Laura Samnee a expliqué à Declan Shalvey que l'écriture était vraiment collaborative avec son mari. Ils construisent ensemble l'intrigue, phase durant laquelle Chris griffonne un découpage, puis une fois la trame établie, Laura se charge des dialogues. Elle a toujours écrit, avoue-t-elle, de la poésie dans sa jeunesse, puis a étudié l'écriture cinématographique, avant de se consacrer à la carrière de son époux, prenant en charge toute la partie administrative et légale. Elle a donc aussi activement pris part à l'élaboration du site (désormais inactif) Comic Twart en servant de relais entre les artistes qui y prenaient part puis en nouant des contacts avec des éditeurs, des agents artistiques.
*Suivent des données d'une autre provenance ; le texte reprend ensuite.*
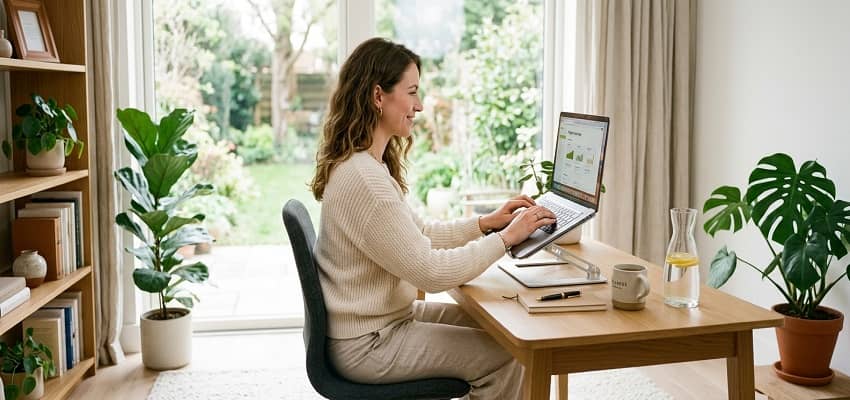 Ergonomic adjustable aluminum portable laptop stand on a desk in a clean modern home office setting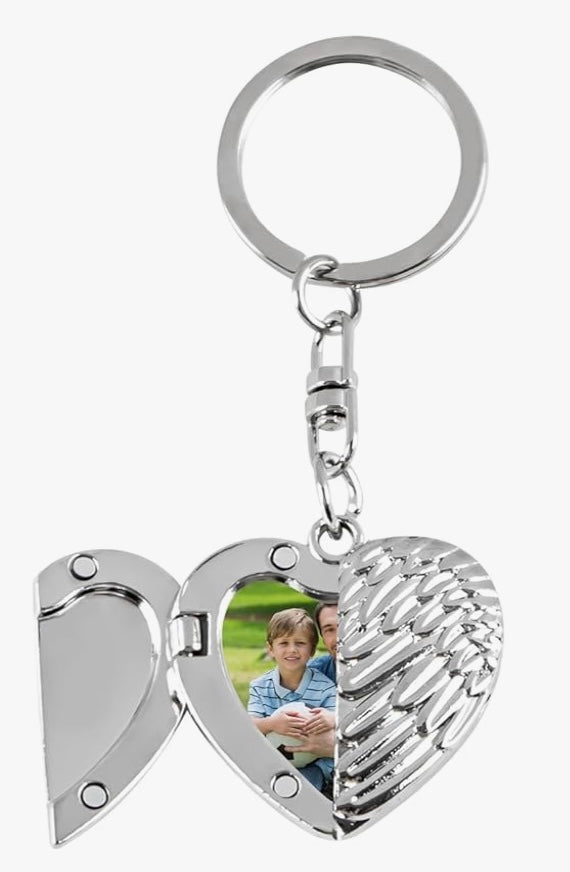 Silver Heart-Shaped Keychain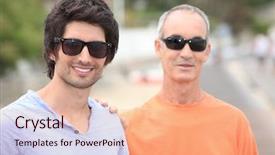  Presentation with generations - Slide set consisting of bedifferent 29 - two men of different generations background and a  colored foreground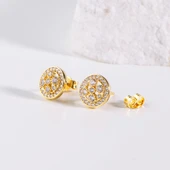 14 Ayar Altın Yuvarlak Taşlı Küpe 2,13 gr - 3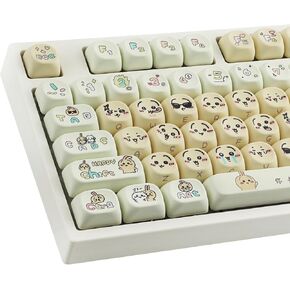 Hyekit PBT Keycaps - MOA Profile, 136 Keys Chiikawa Usagi Dye-Sublimation Cute Custom Keycaps for Cherry Gateron MX Switches Mechanical Keyboard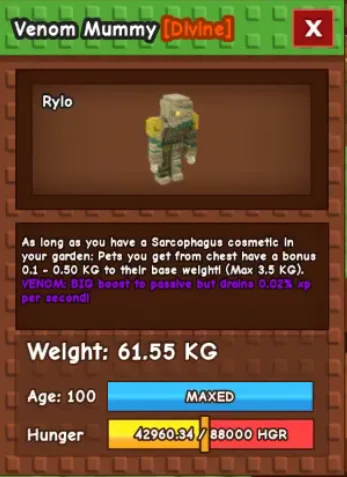 60kg+ VENOM MUMMY super handsome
Comme elle le dit elle-même, elle connaît bien le business des comics et cela lui a servi durant le processus créatif de Jonna... pour que le projet soit solide et permettre à Chris de pouvoir cumuler deux séries simultanées.

Là encore, on peut constater à quel point le couple a produit une histoire très fluide, rythmée, avec des personnages attachants, un enjeu simple. C'est effectivement une BD qui s'adresse prioritairement à un public jeune, mais qui est aussi accrocheur pour des adultes car le storytelling est abouti, efficace.

On peut être admiratif de la performance de Chris Samnee, mais Jonna and the Umpossible Monsters est réellement une série qui doit autant à Laura. Et sa qualité, narrative et graphique, la rend attractive et captivante. Ne passez pas à côté, si la vo ne vous fait pas peur (mais le niveau d'anglais est vraiment très abordable), car j'ignore quel éditeur traduira la série en France (on peut quand même espérer que cela se fasse car Samnee est suffisamment connu).